The U.S. Department of Housing and Urban Development (HUD) recently issued a final rule replacing the London Interbank Offered Rate (LIBOR) with the Secured Overnight Financing Rate (SOFR) for newly originated FHA-insured adjustable-rate forward mortgage loans and Home Equity Conversion Mortgages (HECMs), and for existing adjustable-rate forward mortgage loans and HECMs. The final rule also establishes for HECMS with monthly rate adjustments a lifetime interest rate cap of 10 percentage points above or below the initial contract interest rate. The final rule is effective March 31, 2023.

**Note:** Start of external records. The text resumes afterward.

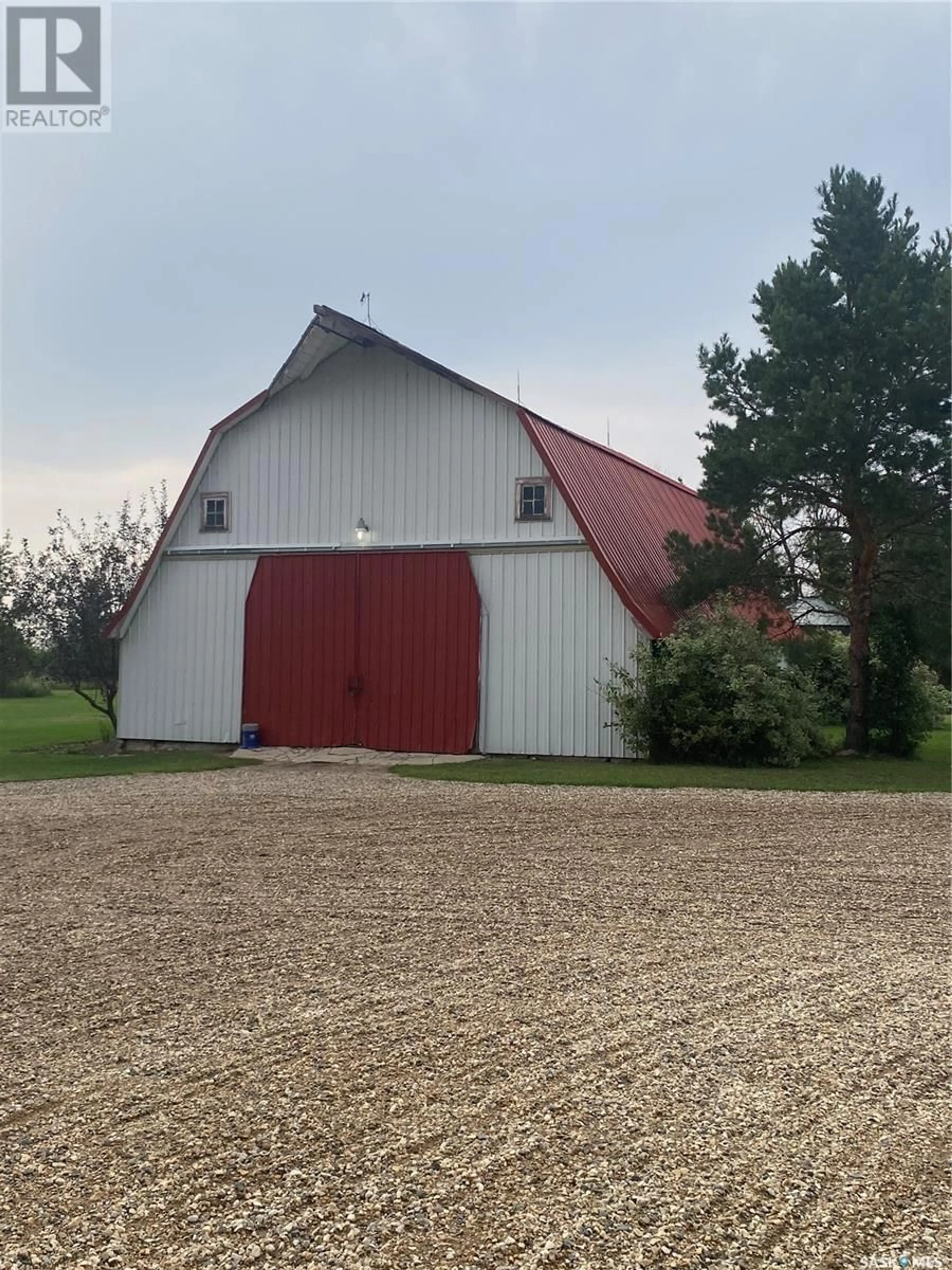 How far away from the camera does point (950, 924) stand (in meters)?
6.36

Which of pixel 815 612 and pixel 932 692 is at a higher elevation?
pixel 815 612

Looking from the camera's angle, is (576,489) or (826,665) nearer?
(576,489)

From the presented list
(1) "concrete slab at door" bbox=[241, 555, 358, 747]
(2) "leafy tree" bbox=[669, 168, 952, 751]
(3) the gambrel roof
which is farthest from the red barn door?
(2) "leafy tree" bbox=[669, 168, 952, 751]

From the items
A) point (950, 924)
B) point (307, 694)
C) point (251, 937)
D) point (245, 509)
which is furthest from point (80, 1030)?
point (245, 509)

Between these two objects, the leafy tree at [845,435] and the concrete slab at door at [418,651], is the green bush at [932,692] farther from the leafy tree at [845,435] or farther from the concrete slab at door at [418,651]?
the concrete slab at door at [418,651]

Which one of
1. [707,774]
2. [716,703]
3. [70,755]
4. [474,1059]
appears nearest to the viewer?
[474,1059]

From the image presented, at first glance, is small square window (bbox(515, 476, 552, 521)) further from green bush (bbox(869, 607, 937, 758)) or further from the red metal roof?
green bush (bbox(869, 607, 937, 758))

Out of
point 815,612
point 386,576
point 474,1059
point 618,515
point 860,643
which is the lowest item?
point 474,1059

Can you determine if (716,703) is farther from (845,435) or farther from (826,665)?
(826,665)

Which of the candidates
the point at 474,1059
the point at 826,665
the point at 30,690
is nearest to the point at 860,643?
the point at 826,665

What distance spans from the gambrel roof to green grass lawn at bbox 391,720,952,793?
2387 millimetres

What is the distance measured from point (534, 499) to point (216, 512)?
582cm

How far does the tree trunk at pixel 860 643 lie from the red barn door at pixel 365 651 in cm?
598

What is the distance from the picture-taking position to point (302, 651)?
18078 millimetres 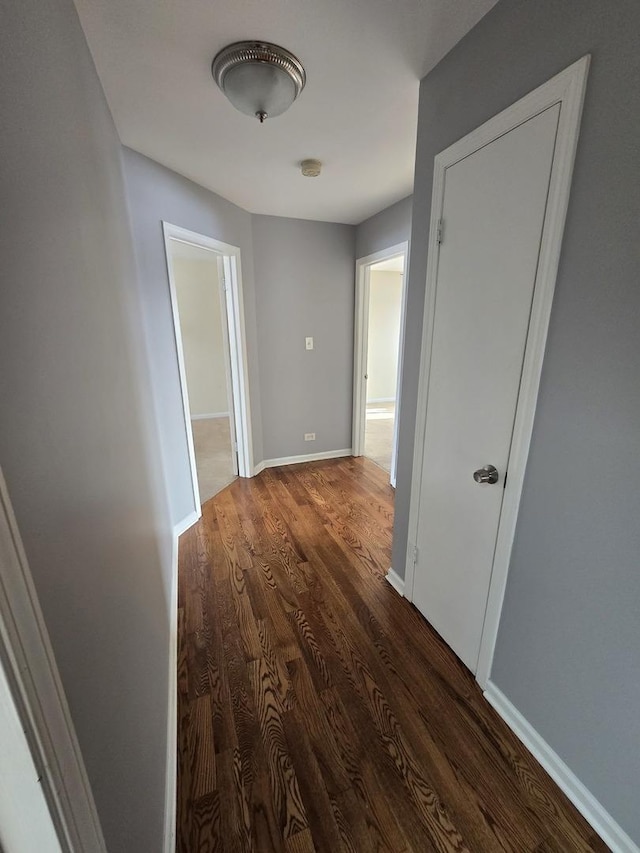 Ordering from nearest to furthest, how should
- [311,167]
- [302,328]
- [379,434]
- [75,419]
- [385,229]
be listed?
[75,419] → [311,167] → [385,229] → [302,328] → [379,434]

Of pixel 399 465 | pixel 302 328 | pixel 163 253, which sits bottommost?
pixel 399 465

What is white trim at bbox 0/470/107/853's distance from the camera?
362 mm

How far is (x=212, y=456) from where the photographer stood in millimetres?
3980

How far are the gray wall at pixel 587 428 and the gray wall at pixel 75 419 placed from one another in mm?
1225

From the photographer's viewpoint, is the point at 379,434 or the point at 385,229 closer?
the point at 385,229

For newly originated adjustable-rate forward mortgage loans and annually adjusting HECMs, the acceptable indices are the weekly average yield on U.S. Treasury securities adjusted to a constant maturity of one year, the 30-day average SOFR published by the Federal Reserve Bank of New York (or a successor administrator), or an alternative SOFR tenor approved by HUD (which HUD may publish by notice). For newly originated monthly adjusting HECMS, the acceptable indices are the weekly average yield on U.S. Treasury securities adjusted to a constant maturity of one year, the weekly average yield on U.S. Treasury securities adjusted to a constant maturity of one month, or an alternative SOFR index approved by HUD.
For existing forward mortgages and HECMs that use a LIBOR index, the mortgages must be transitioned to the spread-adjusted SOFR replacement index approved by HUD by the next interest rate adjustment date for the mortgage that is on or after the replacement date. Currently, the replacement date is likely to be the first London banking day after June 30, 2023 (June 30, 2023, is likely last day on which LIBOR indices will be published and still deemed to be representative rates).
HUD will publish a Mortgagee Letter to implement the requirements of the final rule.